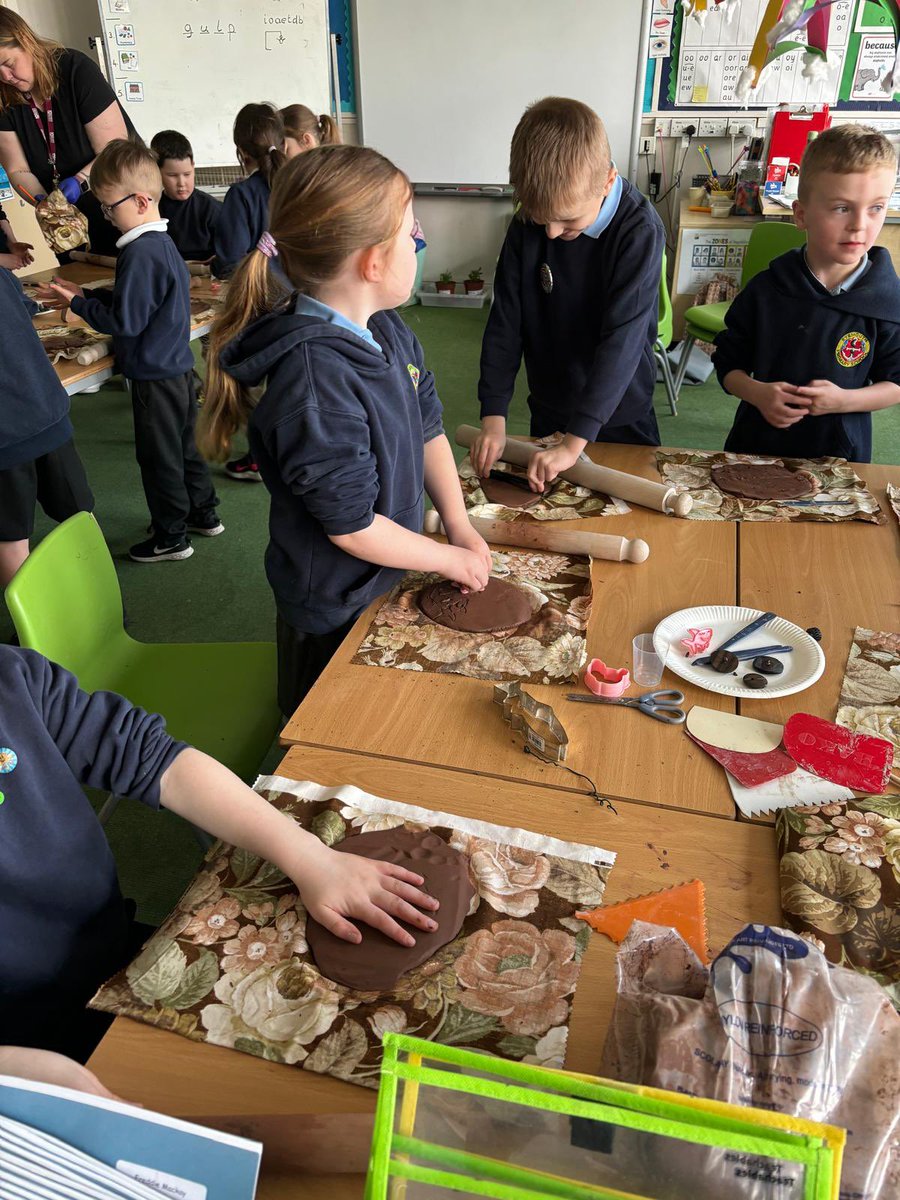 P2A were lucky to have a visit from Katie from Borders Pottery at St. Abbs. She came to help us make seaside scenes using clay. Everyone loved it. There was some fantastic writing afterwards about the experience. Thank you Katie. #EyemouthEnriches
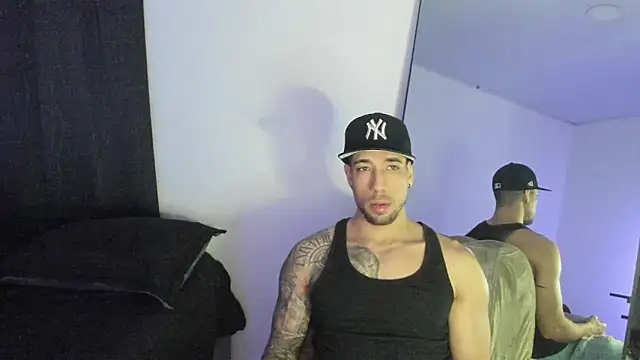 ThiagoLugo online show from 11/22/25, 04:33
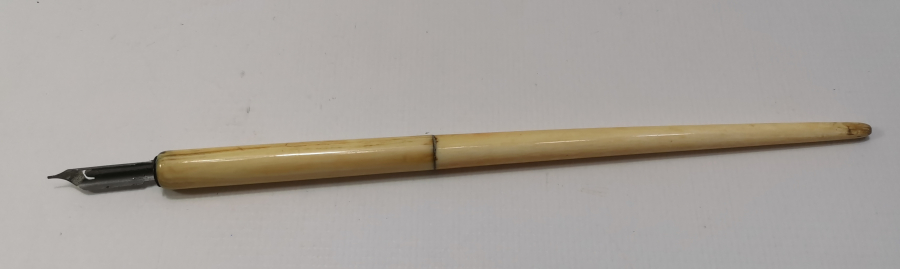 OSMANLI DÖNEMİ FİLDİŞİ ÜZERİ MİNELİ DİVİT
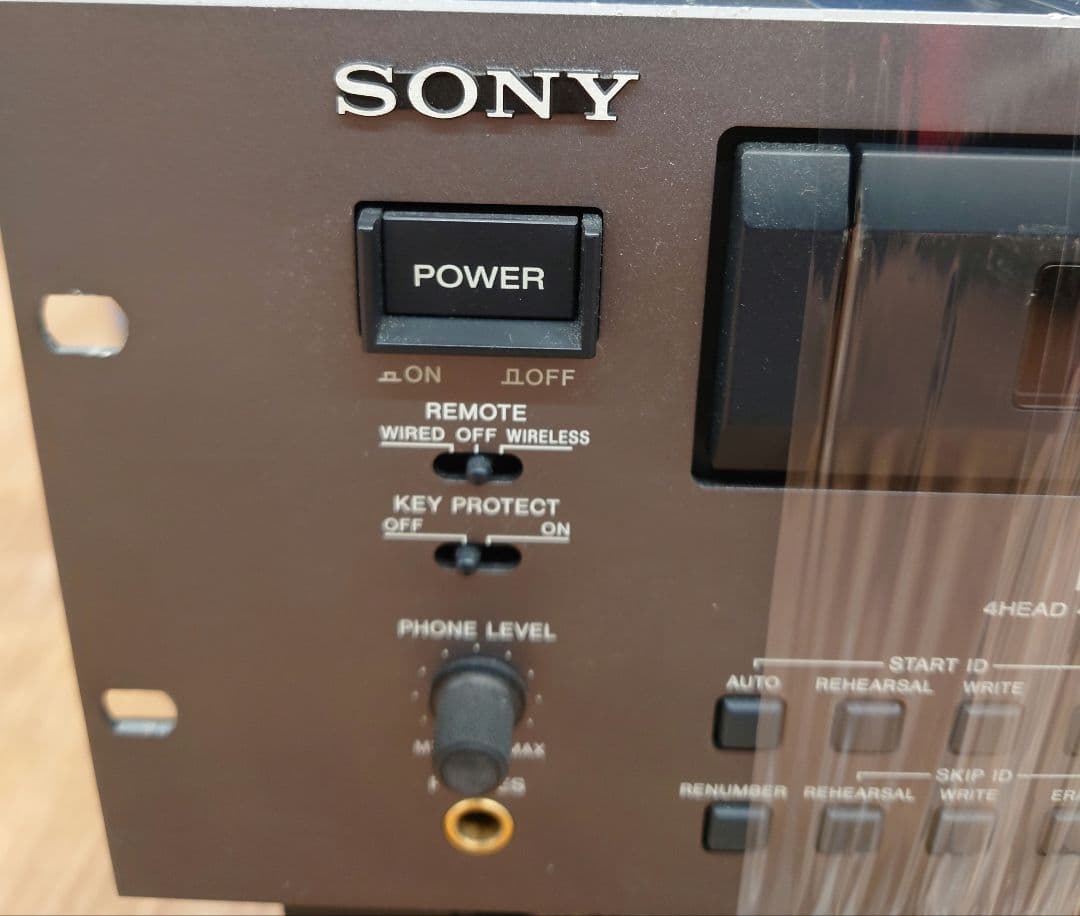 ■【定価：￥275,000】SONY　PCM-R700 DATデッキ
----
_Exercise details_:
When you retype the material above, copy each line exactly and drop whatever images appear in it.

_Response_:
 P2A were lucky to have a visit from Katie from Borders Pottery at St. Abbs. She came to help us make seaside scenes using clay. Everyone loved it. There was some fantastic writing afterwards about the experience. Thank you Katie. #EyemouthEnriches
 ThiagoLugo online show from 11/22/25, 04:33
 OSMANLI DÖNEMİ FİLDİŞİ ÜZERİ MİNELİ DİVİT
 ■【定価：￥275,000】SONY　PCM-R700 DATデッキ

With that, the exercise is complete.